You tear the envelope open and it’s exactly what you thought – a very cool “Open for Business” sign on heavy, glossy stock. High quality and tough enough to put on your office door or in the front window of your store.
The back of the card offers this pitch: “Visit www.bell.ca/open to log in with your enclosed Preferred Business I.D. now!”
That’s not exactly a strong benefit statement. But the “Open” card is so cool that you're ready to give Bell the benefit of the doubt. So you actually look at the color brochure that came with the sign. Although the headline is vague (“We’re Open for Your Business 24/7!”), the thematic link to the sign is so strong that I went ahead and opened the four-page brochure.

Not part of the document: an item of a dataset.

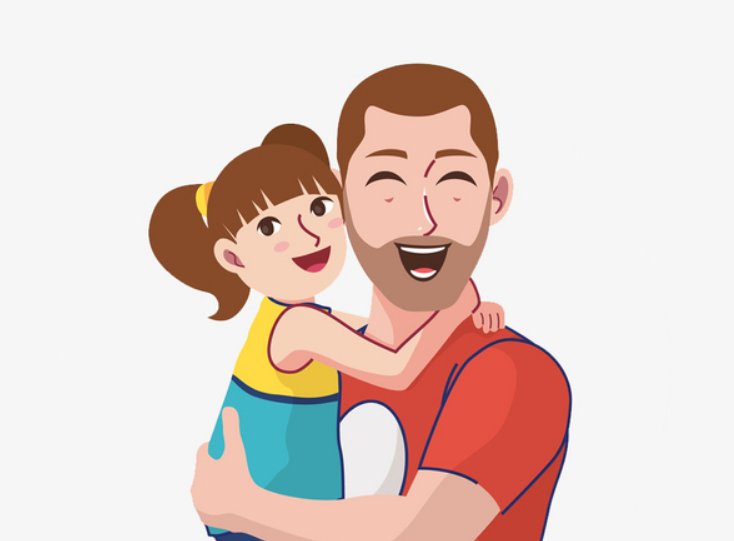 菏泽一位父亲发愁女儿长得太像自己，你如何看待这件事？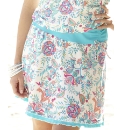 Silhouette Paisley Skort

Alas, this is where it all breaks down. You get a two-page spread about – well, something. It has product demos that have something to do with a BlackBerry, it offers opinion polls from Canadian business people, a Solution Generator (“for a customized wireless recommendation”), and BizNews articles that offer “the expert opinion and newsworthy information you want to know.”
So, I guess it’s some sort of website. Does it have a name? A brand? Apparently not.
The marketing bumph calls it, variously, www.bell.ca/open (which strikes me as an address, not a name); “one valuable resource for everything you need” regarding wireless solutions; “one convenient and easily accessible place”; “access to instant information for all aspects of your business”; and, “the site.”
The d-m guys got the concept right. They created a must-open package that arrests the attention of business owners. But boy did the product copywriters let them down.
Still, everyone who got the package also received their very own “Preferred Business I.D.” password that provides “open access” to the site. There’s nothing entrepreneurs like better than feeling like a VIP, so maybe some of them went to the site just to see what preferred benefits were on offer.
But if they did, they were proceeding on curiosity, not in search of a product or benefit. Which means that while Bell might get them to go where it wanted, these visitors are ready to bail at the first sign of a hard sell – or any evidence that they're not as special as they’ve been led to believe.